If your budgie is pecking you often, it may not be that he's temperamental or angry. He's probably just trying to defend himself, unaware that you have the best of intentions. Budgies rarely attack unprovoked, and there are several reasons your pet might be agitated enough to bite.
Budgies can become highly territorial, biting and nipping at anyone who dares encroach on their cages or play areas. They may also be possessive, guarding a toy or object of interest by pecking at prying fingers. Birds can become especially territorial if they are cage-bound, or left inside their cages for too long with little interaction. So make sure your budgie spends plenty of time with you outside his cage.
Defensiveness and Fear
Budgies also tend to bite out of fear. If a budgie is cornered, held too tightly, poked at or teased, he will peck in response. To avoid getting pecked for this reason, make sure you gain your budgie's trust before trying to handle him. If you start trying to pick your budgie up or hand-train him before he's come to see you as a flock mate, he might see you as a threat and start to peck.
Budgies who don't spend much time with people will be especially frightened by human attempts to interact. For instance, if you have more than one budgie and they spend all their time together, they might get so used to each other that they come to fear you. When this is the case, budgies may try to peck you away whenever you handle them, even after months of ownership. To avoid this problem, spend one-on-one time training each bird separately before joining them in one cage.

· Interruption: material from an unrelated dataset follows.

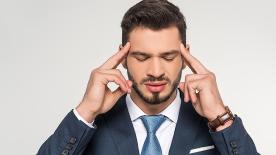 49岁男子头痛3个月，当颈椎病治差点送命！医生：这3种头痛一秒都别扛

If you're handling your budgie too much, he might get annoyed and peck you. This can happen if you overtrain a parakeet and start to fatigue him. Forcing your budgie to climb onto your finger too many times in a row, holding a budgie in your hand until his patience runs out, or chasing after a budgie that has flown away from you can all get you pecked. While it's good to spend time with your budgie, give him some space when he starts to get cranky.